Required action: Scan the entries line by line and return those with "Case".

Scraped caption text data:
# # # # #

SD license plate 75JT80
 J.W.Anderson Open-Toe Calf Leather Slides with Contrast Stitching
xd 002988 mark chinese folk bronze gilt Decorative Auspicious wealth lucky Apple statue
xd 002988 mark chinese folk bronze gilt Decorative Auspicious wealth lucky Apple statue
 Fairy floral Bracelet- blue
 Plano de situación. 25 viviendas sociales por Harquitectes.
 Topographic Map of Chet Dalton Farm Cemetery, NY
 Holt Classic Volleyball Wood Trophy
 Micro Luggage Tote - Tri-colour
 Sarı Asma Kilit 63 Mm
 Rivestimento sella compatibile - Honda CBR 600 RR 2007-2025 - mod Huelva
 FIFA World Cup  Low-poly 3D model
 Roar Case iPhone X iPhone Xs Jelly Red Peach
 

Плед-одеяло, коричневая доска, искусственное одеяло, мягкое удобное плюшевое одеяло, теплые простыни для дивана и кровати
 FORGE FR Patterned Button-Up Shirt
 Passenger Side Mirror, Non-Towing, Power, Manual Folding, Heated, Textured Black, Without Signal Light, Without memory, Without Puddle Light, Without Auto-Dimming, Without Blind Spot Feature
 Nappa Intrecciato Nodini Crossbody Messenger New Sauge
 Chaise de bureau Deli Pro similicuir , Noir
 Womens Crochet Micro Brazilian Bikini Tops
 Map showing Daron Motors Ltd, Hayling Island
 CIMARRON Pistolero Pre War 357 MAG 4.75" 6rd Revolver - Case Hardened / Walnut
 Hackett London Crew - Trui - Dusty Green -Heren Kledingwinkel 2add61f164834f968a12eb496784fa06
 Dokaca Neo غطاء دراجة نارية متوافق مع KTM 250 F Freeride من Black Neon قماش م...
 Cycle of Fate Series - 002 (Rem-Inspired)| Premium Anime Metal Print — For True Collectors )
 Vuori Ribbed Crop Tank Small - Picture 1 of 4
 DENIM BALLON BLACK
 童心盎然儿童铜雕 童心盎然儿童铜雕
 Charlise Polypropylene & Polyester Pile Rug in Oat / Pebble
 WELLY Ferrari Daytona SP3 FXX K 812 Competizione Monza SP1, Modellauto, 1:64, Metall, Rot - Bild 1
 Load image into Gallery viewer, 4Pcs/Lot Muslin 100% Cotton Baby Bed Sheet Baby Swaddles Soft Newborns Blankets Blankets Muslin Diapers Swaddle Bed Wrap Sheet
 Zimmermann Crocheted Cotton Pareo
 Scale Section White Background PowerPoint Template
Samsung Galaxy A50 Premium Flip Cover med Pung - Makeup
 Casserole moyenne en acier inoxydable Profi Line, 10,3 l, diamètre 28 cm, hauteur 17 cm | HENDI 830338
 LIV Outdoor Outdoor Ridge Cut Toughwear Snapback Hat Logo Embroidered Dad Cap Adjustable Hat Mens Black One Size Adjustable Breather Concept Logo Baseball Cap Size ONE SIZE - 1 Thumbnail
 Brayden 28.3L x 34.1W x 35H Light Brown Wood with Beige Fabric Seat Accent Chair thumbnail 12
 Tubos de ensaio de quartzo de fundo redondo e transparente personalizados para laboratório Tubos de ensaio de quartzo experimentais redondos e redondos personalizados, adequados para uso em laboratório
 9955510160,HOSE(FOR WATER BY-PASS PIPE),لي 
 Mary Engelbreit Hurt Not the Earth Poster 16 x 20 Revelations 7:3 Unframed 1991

# # # # #

Problem solution:
 Roar Case iPhone X iPhone Xs Jelly Red Peach
 CIMARRON Pistolero Pre War 357 MAG 4.75" 6rd Revolver - Case Hardened / Walnut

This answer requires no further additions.